Quando gli occhi puntati addosso ti ricoprono di vergogna, non basta abbassare lo sguardo per scomparire dietro quelle brutte facce schernitrici che deformano la mia persona.
Povero ragazzo di strada, da sempre marinavo la scuola, non ne capivo l’ importanza.
A cosa poteva servirmi imparare a leggere o scrivere se il mondo mi aveva già condannato, affibbiandomi l’ ultimo posto della scala sociale. Io così diverso apparivo agli altri, al punto da far ribrezzo e suscitare lo stesso fastidio che si prova a scacciar le mosche che appestano il pane, esse pur ritornano a infestare il cibo, si aggrappano strette a una briciola di avanzo.

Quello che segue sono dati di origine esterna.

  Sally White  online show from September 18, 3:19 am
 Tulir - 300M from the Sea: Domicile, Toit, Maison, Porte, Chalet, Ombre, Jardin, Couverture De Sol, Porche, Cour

L’ odore della povertà emana un puzzo insopportabile, trascorri il giorno a vagabondare nei dintorni di un paese semivuoto, solo come un cane randagio che si acconenta di rosicchiare un osso duro sino a dolergli i denti, ma pur rimane il languore della fame insaziabile lungo lo stomaco che brontola.
Quel senso di vuoto che prostra il fisico e ancor più la mente, mi rodeva dentro come il contrassegno della mia triste anima desolata. Parlavo con me stesso, in me confidavo i sogni impronunciabili, ombra di me stesso, nell’ inseguimento di passi che il sole del tramonto presto disperde nella polvere.
Chi ero io, giovane ragazzo di strada, vissuto senza nome, un nome certo che nessuno osava chiamare, un nome che echeggia continuamente nella testa e si riflette nella solitudine dei pensieri, un nome che muore ancor prima di nascere.
Con lo zaino in spalle e i miei pochi averi, mi guardo attorno, aspetto che qualcuno mi cerchi e sussurri parole di conforto, mi salvi dal deserto straripante in cui non c'è speranza, né un’ oasi di luce in cui riparsi dal freddo silenzio.
Non lasciatemi rinchiuso nella prigione dell’ emarginazione, quella da cui non si può evadere, isolato da tutti, circondato dal buio fitto che mi divora! Pur io esisto, cerco di emergere dal fondo della mia condizione, di sostenermi con le mie sole forze che non mi abbandonano.